# The Great Kitty Litter Debate



## Athion (Jul 17, 2010)

Ok, so I know from personal experience that Kitty Litter works. And I see a ton of others using it and I see a ton of people saying "No freaking way".

So my debate topic here (and Im just curious to be honest, there is no "wrong" answer). Why NOT Kitty Litter? just cause its something that at some point, someone thought cats should poop on? You just prefer the finer things in life and KL doesnt fit that mold?

Does anyone have a "I used KL and it went horribly wrong!" story?

As an aside, you have to actually train a cat to use the silica gel litter, so Im assuming they would just as happily crap on HF beads (but I'm not about to test that... unless I could get some sort of Gov't grant LOL  )


----------



## TXsmoker (Sep 6, 2010)

Ive been using k/l for a few weeks now with no problems. Both my humi's and my cooler hold 65% very steady.


----------



## asmartbull (Aug 16, 2009)

Hey Tony
This one's for you.......:ranger:


----------



## AJ FERNANDEZ FAN (Aug 10, 2010)

Kitty Litter is the way to go!!!! There really isnt any way you could have a horror story unless its between the ears!!!! The whole process of keeping and maintaining humidity is trial and error. If you stay on top of your game Kitty Litter is so simple!!!! Hey Tony care to add your 2 cents??????? LOL


----------



## marked (Jul 29, 2010)

I've seen the argument before, but when push comes to shove, the reason always seems to come down to the fact that the Heartfelt guy is a "good BOTL" that frequents this board, and he gives soldiers free shipping. Not sure how that justifies spending literally hundreds more on a product, but that's just me.


----------



## thegoldenmackid (Mar 16, 2010)

Mark, while I definitely agree David is a great BOTL, that's not what it comes down to.

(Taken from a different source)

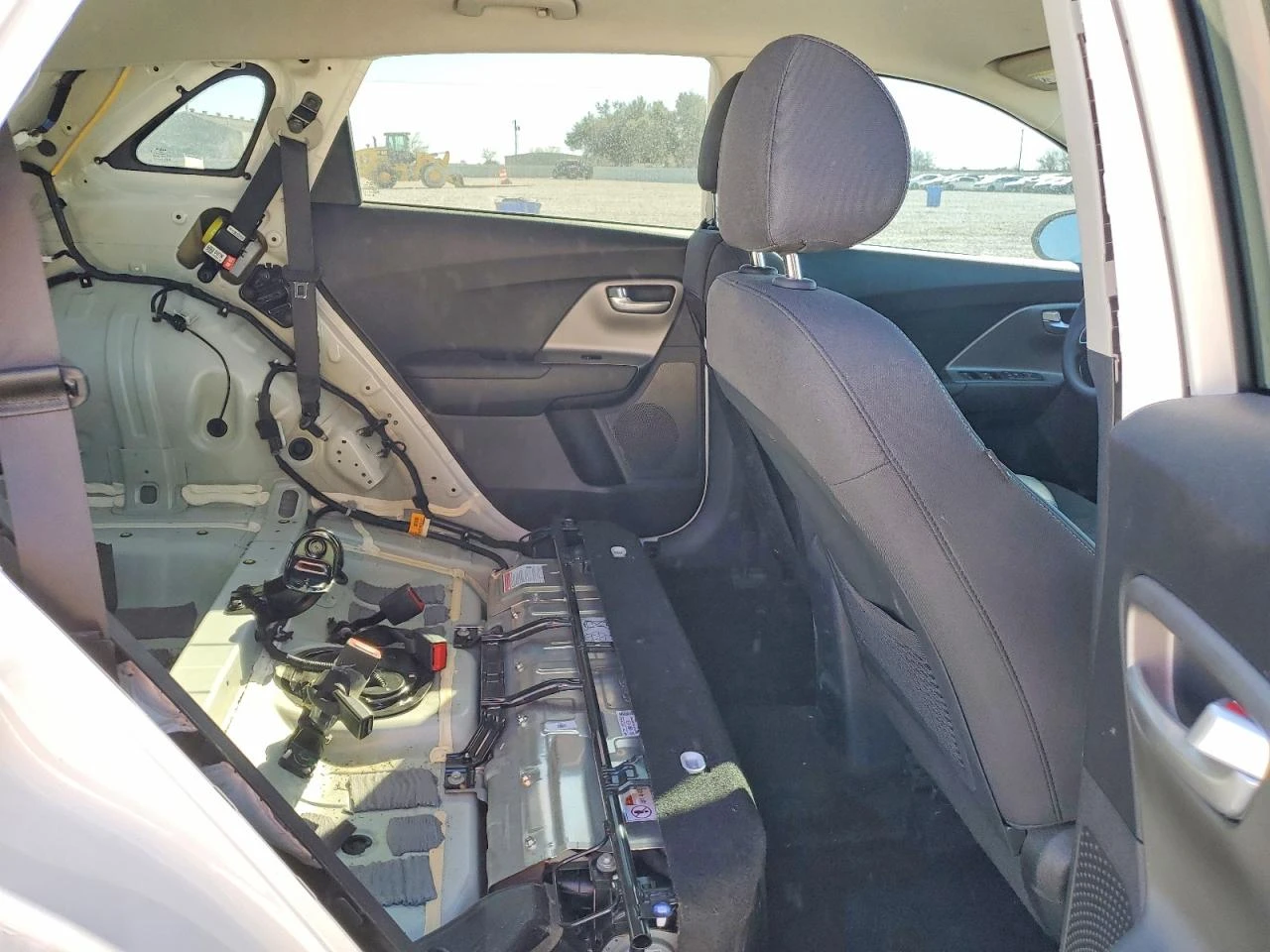 Kia Niro 1.6l Lx, снимка 11 - Автомобили и джипове - 53966422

Beads are about as idiot proof as it goes, you add a bit of water and you're set. Kitty Litter takes a bit of time getting fiddling with to get it right. By no means is it up there with trying to use floral foam in a cabinet, but it's definitely a lot more difficult than beads, then again, see point above. 

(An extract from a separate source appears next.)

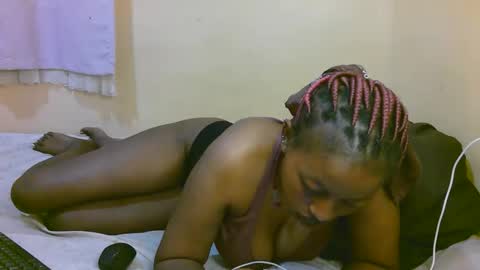 sexy_latasha online show from April 23, 12:29 pm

Even Tony, definitely the kitty litter fanboy, will admit that you should use whatever works.

As long as you are at the RH you want, you are making the right choice, for you.


----------



## marked (Jul 29, 2010)

thegoldenmackid said:


> Mark, while I definitely agree David is a great BOTL, that's not what it comes down to.
> 
> Beads are about as idiot proof as it goes, you add a bit of water and you're set. Kitty Litter takes a bit of time getting fiddling with to get it right. By no means is it up there with trying to use floral foam in a cabinet, but it's definitely a lot more difficult than beads, then again, see point above.
> 
> ...


I haven't had any difficulties with kitty litter. It works just like beads did for me. Spray it with a little DW, and bam... 65%. Actually, it's working better than beads did. I had a hard time getting beads to maintain RH for any extended length of time. The kitty litter is holding it like a champ. I guess if I needed it to hold at 60% or 70%, then I'd have to rethink my strategy, but it's working perfectly now right out of the box.


----------



## AJ FERNANDEZ FAN (Aug 10, 2010)

After some research I came up with this......Beads and Litter Pearls are both made out of 100% silica. At 8lbs for $10 bucks Im gonna stay with the Kitty Litter.....Just my $.02


----------



## Fury556 (Oct 10, 2010)

Kitty litter holding at 68% for me. My 65% HF beads never quite worked so well but I think that because when I first got them I drenched them and messed them up.


----------



## asmartbull (Aug 16, 2009)

thegoldenmackid said:


> Mark, while I definitely agree David is a great BOTL, that's not what it comes down to.
> 
> Beads are about as idiot proof as it goes, you add a bit of water and you're set. Kitty Litter takes a bit of time getting fiddling with to get it right. By no means is it up there with trying to use floral foam in a cabinet, but it's definitely a lot more difficult than beads, then again, see point above.
> 
> ...


Charlie. Well said

There is one other thing.
Just remember, you need 2x the amt of KL as you do beads ......so the price isn't as great as first thought.........but it is one hell of a savings
So you could have a volume issue.
Also, I have found that KL absorbs RH better than it give off.
I use both in my coolers.
I only add water to the beads (which are on the bottom)


----------



## TonyBrooklyn (Jan 28, 2010)

asmartbull said:


> Hey Tony
> This one's for you.......:ranger:





AJ FERNANDEZ FAN said:


> Kitty Litter is the way to go!!!! There really isnt any way you could have a horror story unless its between the ears!!!! The whole process of keeping and maintaining humidity is trial and error. If you stay on top of your game Kitty Litter is so simple!!!! Hey Tony care to add your 2 cents??????? LOL


_Kitty Litter Rocks!!!!!!!!!!!!!!!!!!!!!!!!!!!!!!!!!!!
In the end use what makes you happy. For the money IMHO nothing works better! Took me years to admit it was worth a try . Actually if i didn't have beads in all my coolers back then. And met somebody who was storing thousands of cigars with kitty litter. I probably would have never gave it a second thought.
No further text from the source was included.